According to the 2015 Urban Mobility Scorecard published by Texas A&M Transportation Institute and INRIX in August, the average American commuter spends 42 hours each year in traffic, a figure that nearly doubles for drivers in the Los Angeles area. But now, thanks to the prevalence of cell phones and the data points they produce, AT&T may have found a way to help.
Working in collaboration with the California Department of Transportation and the University of California, Berkeley, AT&T is undertaking two projects in California to develop a smarter traffic design using aggregate and anonymous cell phone data.
To better understand how the projects are looking to leverage data from the device in everyone’s pockets to forecast traffic patterns and reduce backups, we reached out to Assistant Vice President of AT&T Labs Chris Volinsky for more details.
[Wireless Week] What is the Connected Corridor project?
[Chris Volinsky] The overall project has two components: Connected Corridors and Smart Bay. The Connected Corridors study is designed to provide alternative routing to improve overall traffic flow specifically in the I-210 area of Los Angeles. Routes studied are included in a “play book” that traffic managers use to mitigate congestion areas. Based on information from the simulator, you can enhance and add new “plays” as needed.
The Smart Bay Project enables city planners to choose optimal locations for infrastructure projects or improvements. For example, using this technology, they could determine the best place for a tunnel or park and ride that will greatly ease mobility patterns in the San Francisco Bay area.

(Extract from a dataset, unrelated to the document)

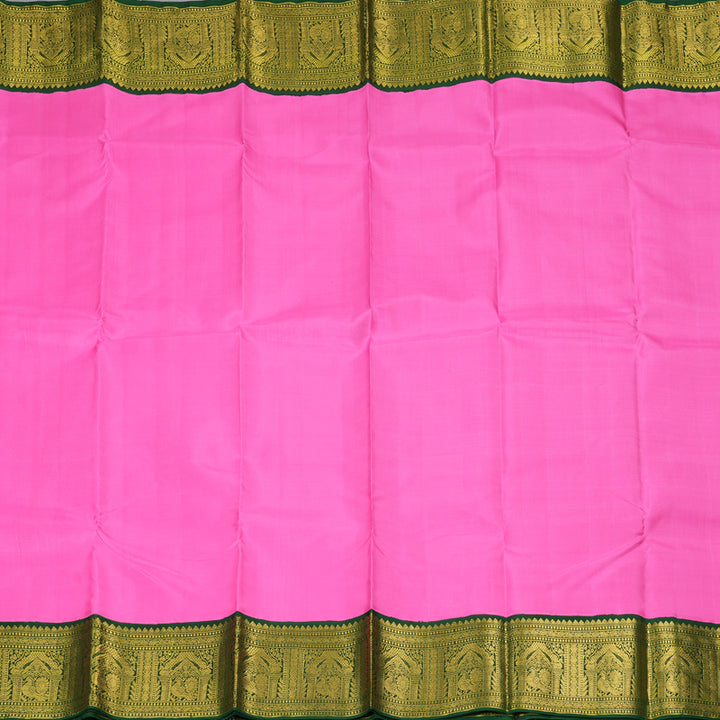 Hayagrivas Handloom Rose Pink Kanjivaram Silk Saree with Bottle Green Border KBF213E2-3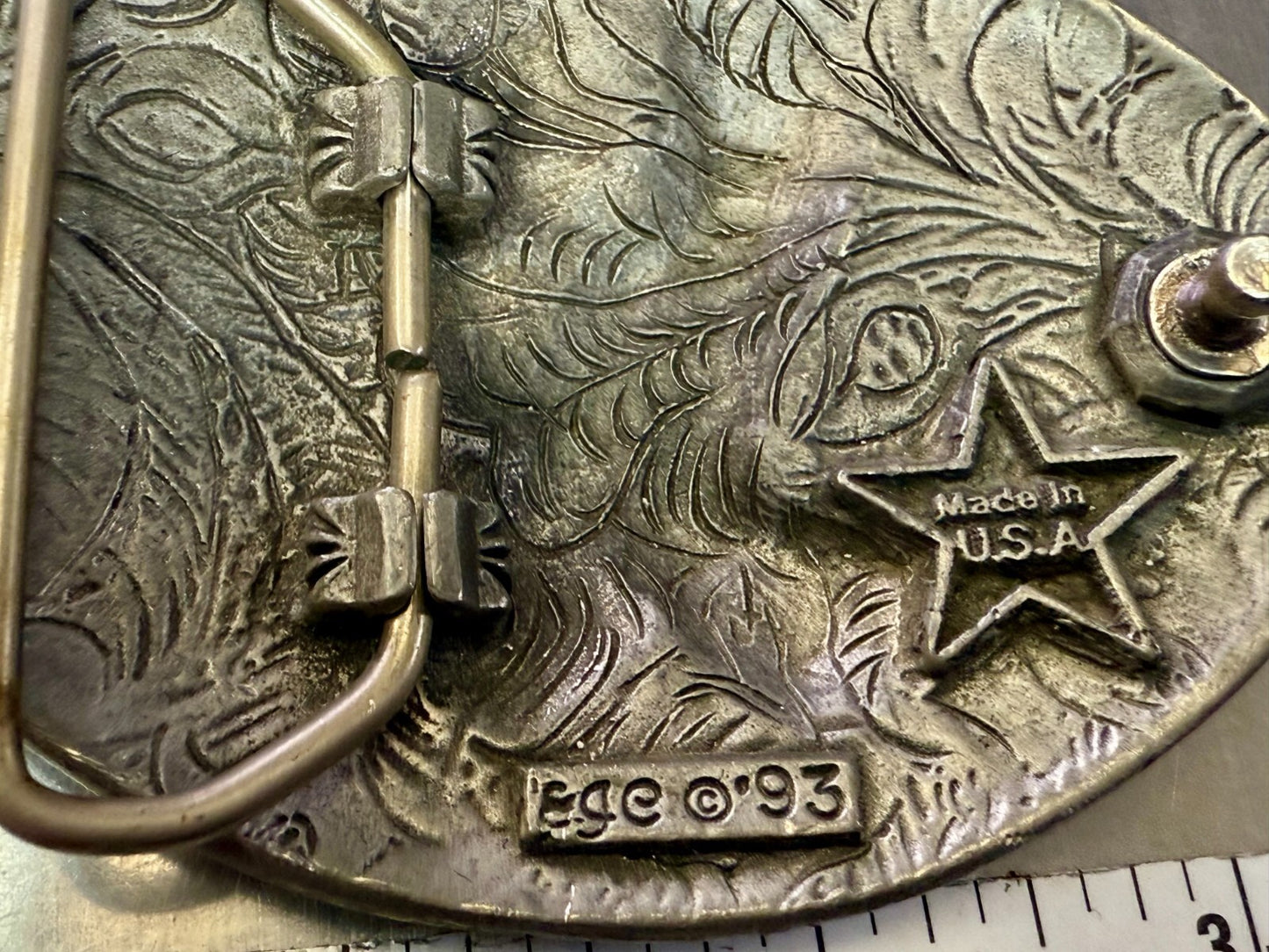 3D Flying American Bald Eagle Swirl Ornate Border Carved 1993 EGE Belt Buckle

[WW] What is the role of cell phones in the project?
[CV] The aggregate and anonymous data from cell phones can help us better understand at a collective level how populations move about. Understanding this better can help us build a smarter, more efficient infrastructure. For instance, this data could help traffic managers create “play books” (described above) that chart traffic patterns and volume. So if a traffic accident occurred, it would allow an adjustment to be made to traffic lights to ease traffic flow.

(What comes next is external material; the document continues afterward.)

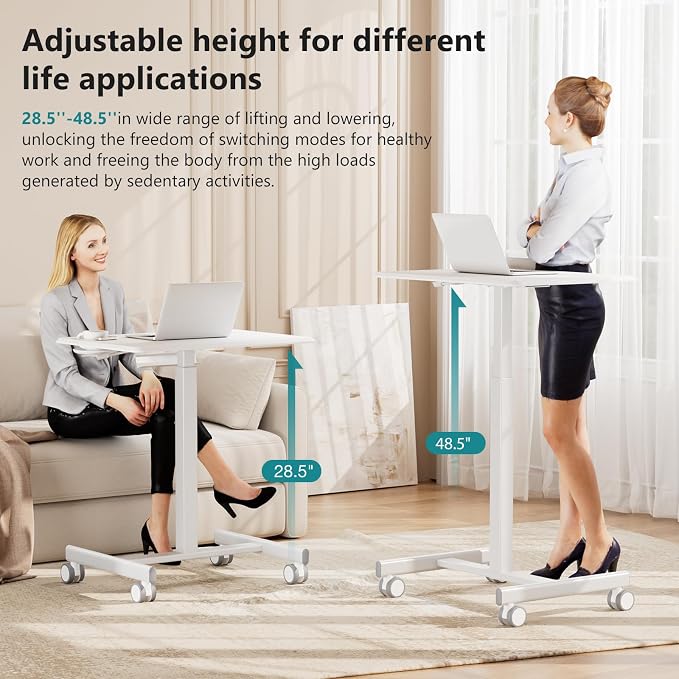 DUMOS Mobile Rolling Desk with Wheels Adjustable Height Small Standing Desks Portable Laptop PC Table Computer Workstation for Home Office Small Space White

[WW] When was the project started or when did the data collection for this project begin (or when will it, if it hasn’t started already)?
[CV] AT&T’s formal collaboration with UC Berkeley began in May 2014. The data is from November to December 2014 and June 2015. We’re currently building models to determine how aggregate and anonymous data source perform with different models.
[WW] How is data being collected and from who?
[CV] This type of data is created naturally through the service (AT&T) provides to our customers. All data used in this study is aggregate and anonymous records received from cell towers located in the study’s geographic area of interest.
We take several steps to ensure customers’ privacy. First, we anonymize the data, and then we aggregate it. We also inject “noise” – or random information – into the dataset. This helps to further strengthen our privacy efforts. It’s important to understand anonymized call detail records (CDRs) do not contain names or real phone numbers. The telephone number is replaced by a randomly generated number, and we are also obfuscating the time stamp.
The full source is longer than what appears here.